Scottish government: consultation on proposed Minimum Income Guarantee

The Scottish government has launched a consultation on a proposed Minimum Income Guarantee (MIG), the purpose of which is to ensure that a certain level of income is earned by lower earners. This could be delivered through employment, targeted welfare payments and also through other types of support or services to be provided or subsidised by the state. The consultation follows a report Securing a Living Income in Scotland: Towards a Minimum Income Guarantee produced by the Institute for Public Policy Research and published in March 2021 which proposed that Scotland should have a MIG by 2030. A MIG differs from a Universal Basic Income, although the two are related. A MIG is targeted at those on low incomes, and includes other forms of support, besides cash payments. A Universal Basic Income would apply to everyone, including those who are not on a low income.
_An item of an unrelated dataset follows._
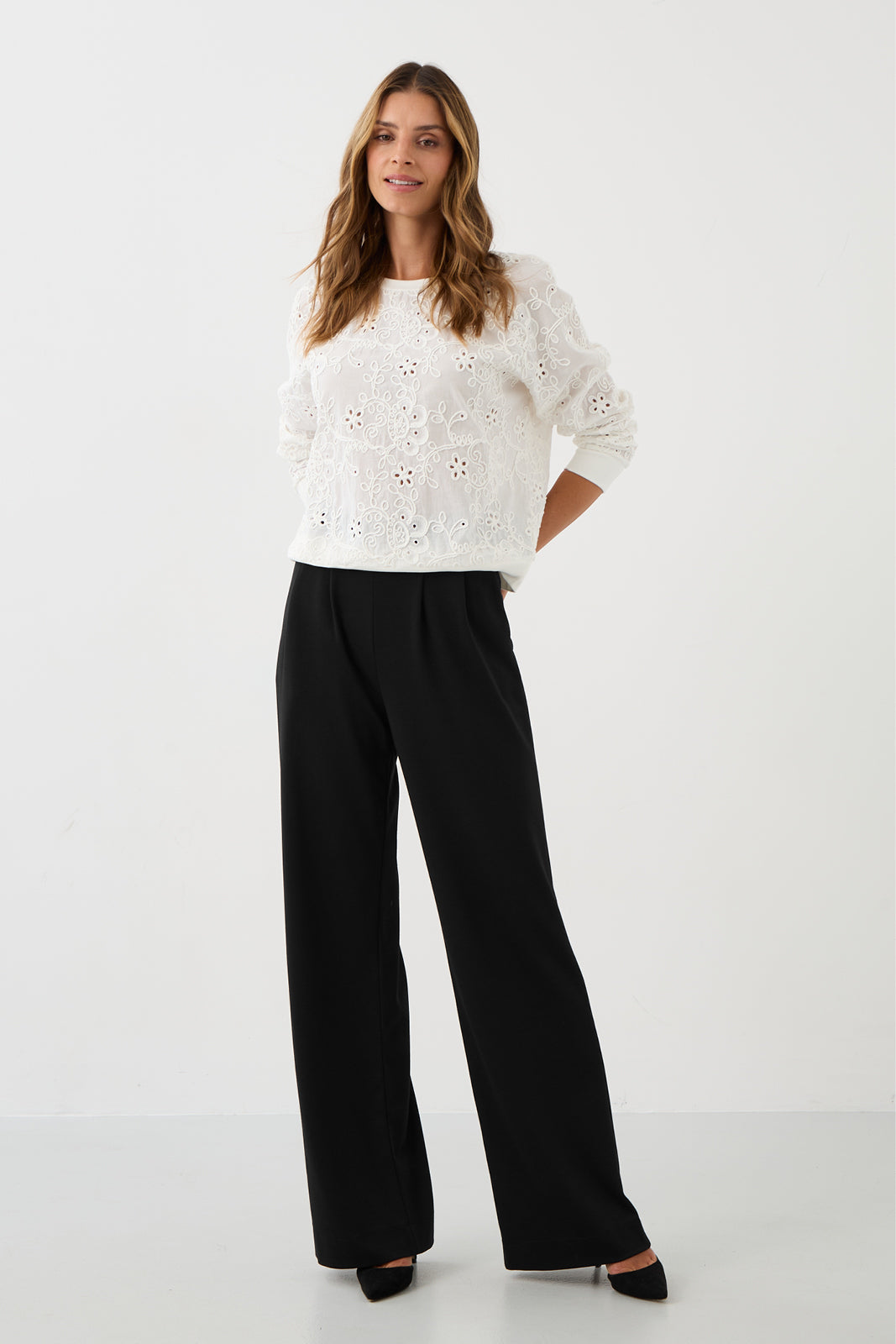 Bluza LUCY IN THE SKY haft richelieu white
HMRC publish worst excuses for not paying the National Minimum Wage

HMRC have published a selection of the worst excuses HMRC officers have been offered for not paying the national minimum wage (NMW). They include:

‘My accountant and I speak a different language – he does not understand me, and that is why he does not pay my workers the correct wages.’
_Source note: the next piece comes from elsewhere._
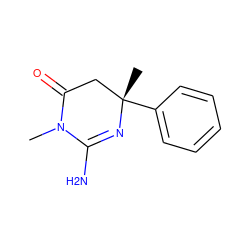 CN1C(=O)C[C@](C)(c2ccccc2)N=C1N ZINC000028827214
‘My employee is still learning so they are not entitled to the NMW.’

HMRC’s release reminds employers and workers of the current NMW rates and advises workers to check the hourly rate of pay they are getting, and to check any deductions or unpaid working time. 

Dbriefs webcasts

Our programme of Dbriefs webcasts is taking a break over the summer. The programme will recommence in September. You can catch up on any titles you may have missed, including:  Demystifying The New UK Patent Box Regime; G20/OECD The Digitalised Economy - Political Agreement On Taxation Of Digital Economy (Pillar One) And Global Minimum Rate (Pillar Two); Taking Action On Tax Evasion: Corporate Criminal Offence And BeyondHMRC Review Of Transfer Pricing Documentation and many more. For further details of our webcasts available to view on demand see here.  
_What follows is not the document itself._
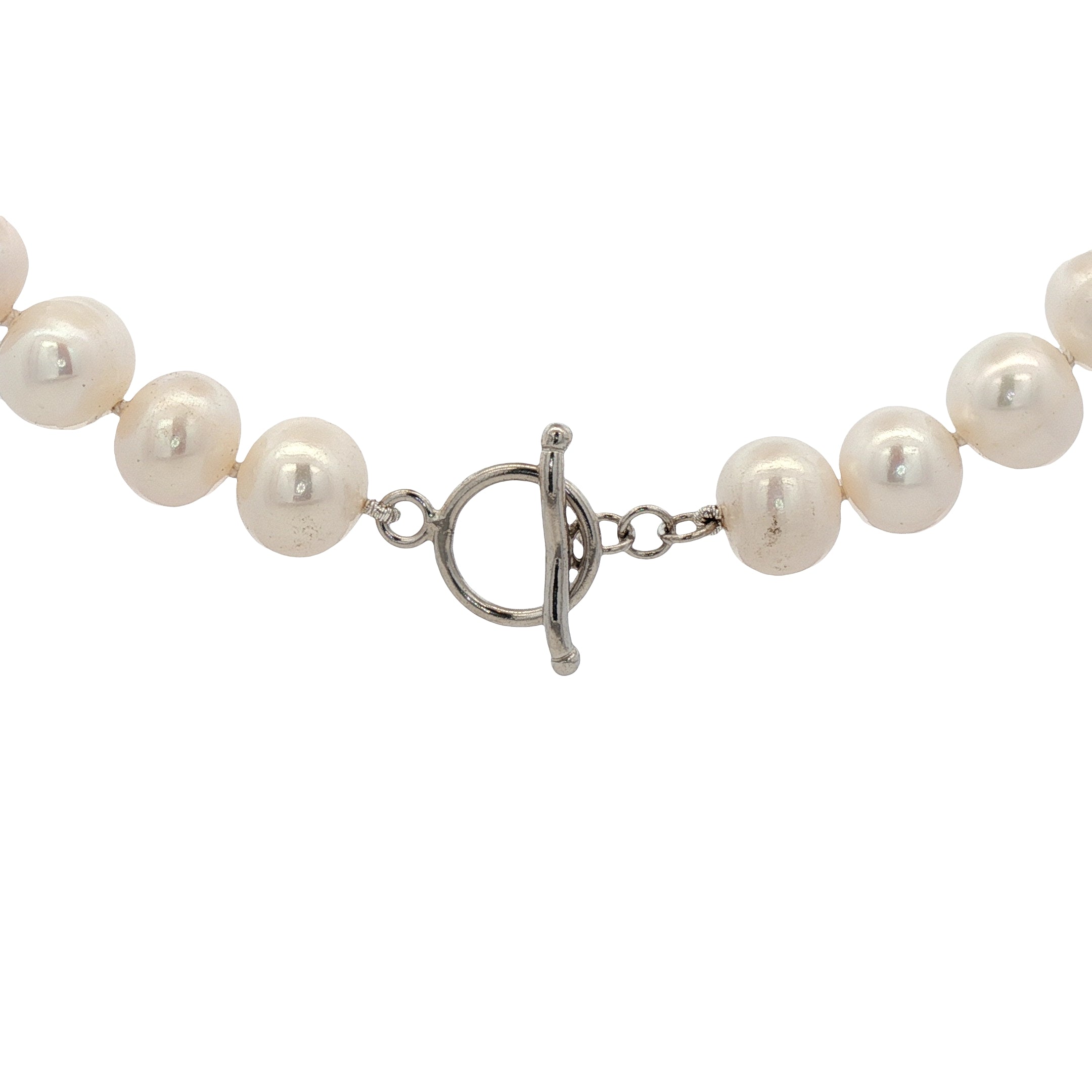 WHITE PEARL STERLING SILVER CLASP 10MM 35INCH NECKLACE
Claims Advisory Group: VAT on managing PPI mis-selling claims: Upper Tribunal

Claims Advisory Group Ltd helped people submit claims if they had been mis-sold PPI policies, and retained 39% of any successful claims for its services. It argued that its services should be exempt as the services of an insurance intermediary – although it was not introducing customers to an insurer, it was managing the end of their relationship with the insurer. The Upper Tribunal, like the First-tier Tribunal before it, was not persuaded. The economic purpose and commercial reality of CAG’s services was to pursue a claim for compensation, not to terminate a PPI policy. CAG was not acting as an insurance agent, as it was not introducing a customer seeking insurance to an insurer. In most cases CAG never had any contact with the insurer – what it did was seek compensation from the intermediary that had earned commission from selling the PPI. Finally, the Upper Tribunal ruled that CAG’s services were not ‘related to’ the PPI, as they were too remote (they involved the way that PPI was sold by a third party, not the policy itself, and the policy may have ended by the time CAG became involved). Consequently, CAG’s services were not exempt as the services of an insurance intermediary, and its appeal was dismissed.

VAT: new online service and checklist for partial exemption special methods applications

HMRC have launched a new online service for submitting proposals for partial exemption special methods (PESMs). Notice 706 has also been updated with a checklist setting out 43 pieces of information that must accompany a PESM proposal. As well as basic information about a taxpayer’s activities, these include a requirement to compare the proposed PESM against the standard method, a worked example of how the proposed PESM would have operated in the previous tax year, details of overseas establishments, etc. Use of the online service is not compulsory, and proposed PESMs can still be emailed to HMRC. However, in either case, Notice 706 now provides a comprehensive checklist of the information that HMRC will expect to be provided with.